▸ **EXERCISE MATERIALS**
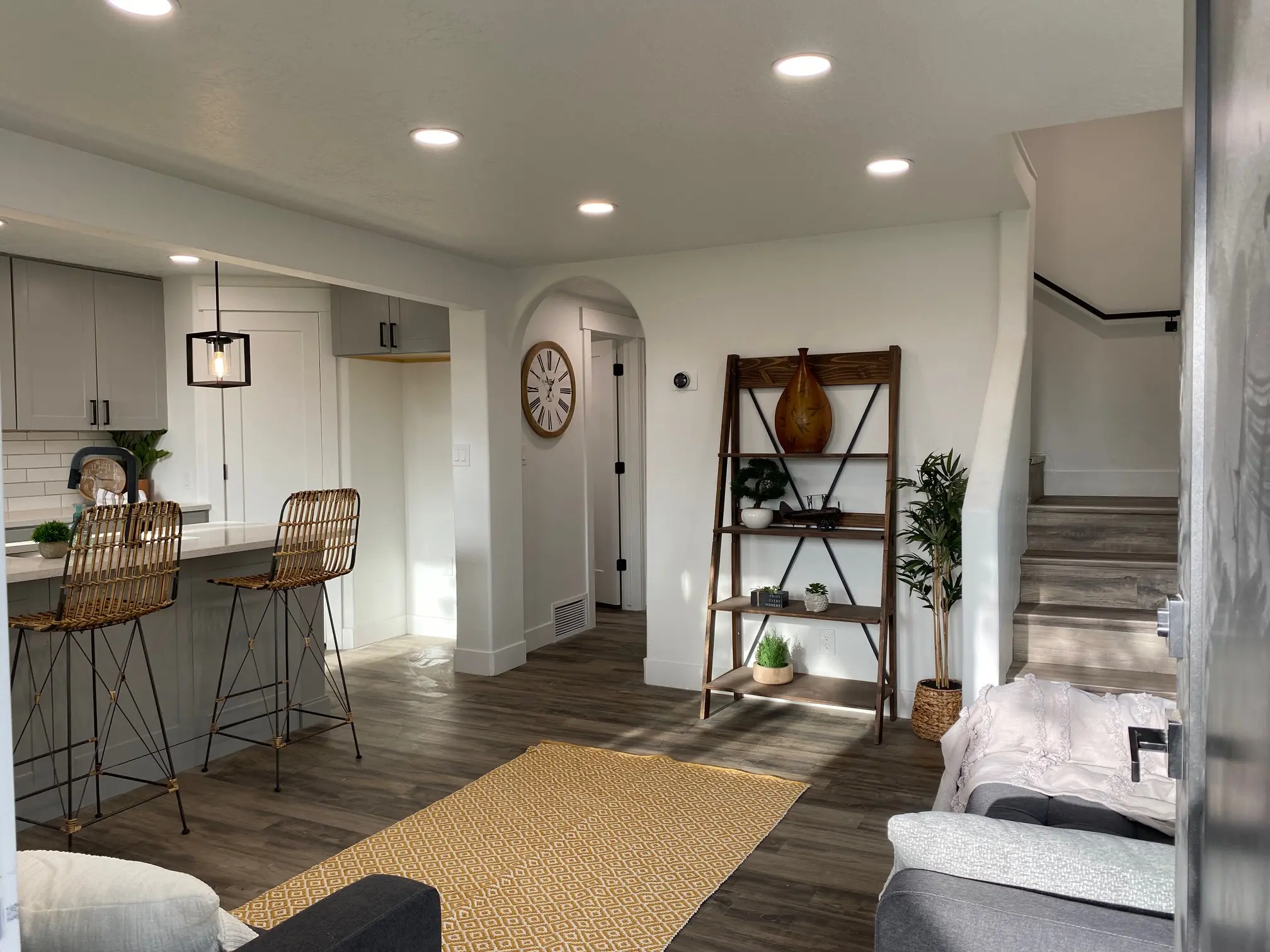 Renovation Before and After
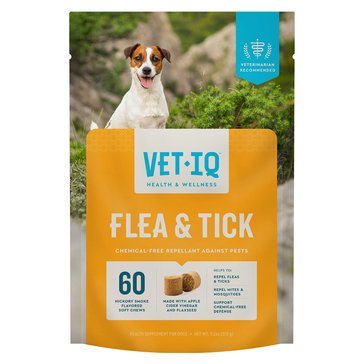 VetIQ Flea And Tick Dog Soft Chews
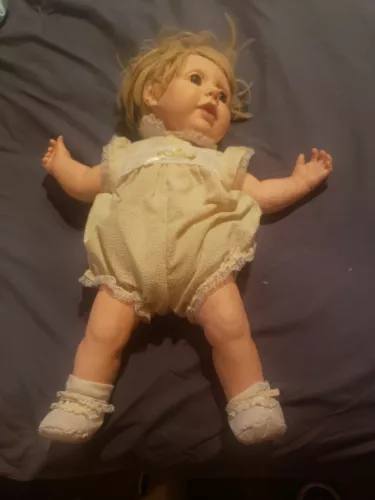 Hasbro Real Baby c1985, J. Turner Weighted Baby Doll 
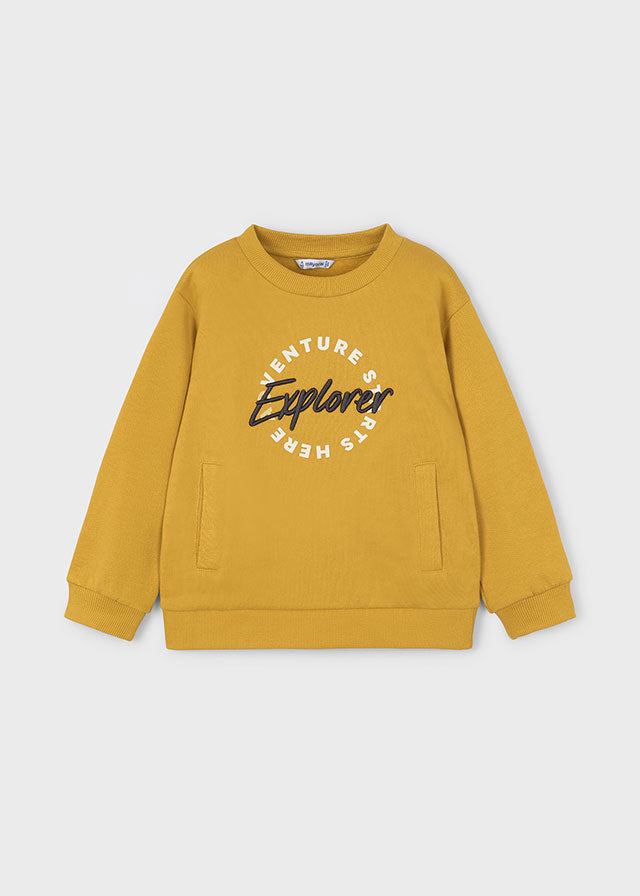 Pullover ricamato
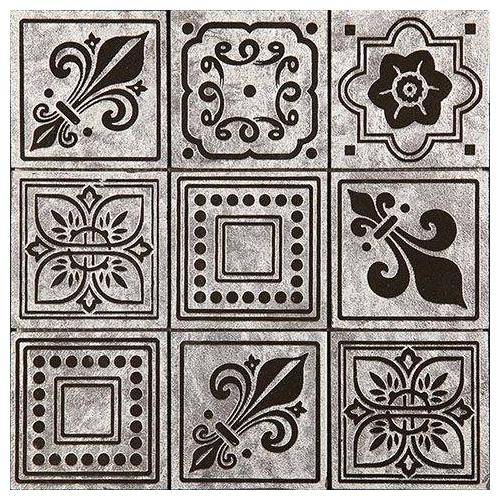 Мозаика Skalini Trafalgar TRG-7 Черно Бежевая (9.8x9.8) 30x30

▸ **YOUR GOAL**
Only the lines from the one containing "VetIQ Flea And Tick Dog Soft Chews" through the end of the records are wanted, set down exactly and without their pictures.

▸ **YOUR RESPONSE**
 VetIQ Flea And Tick Dog Soft Chews
 Hasbro Real Baby c1985, J. Turner Weighted Baby Doll 
 Pullover ricamato
 Мозаика Skalini Trafalgar TRG-7 Черно Бежевая (9.8x9.8) 30x30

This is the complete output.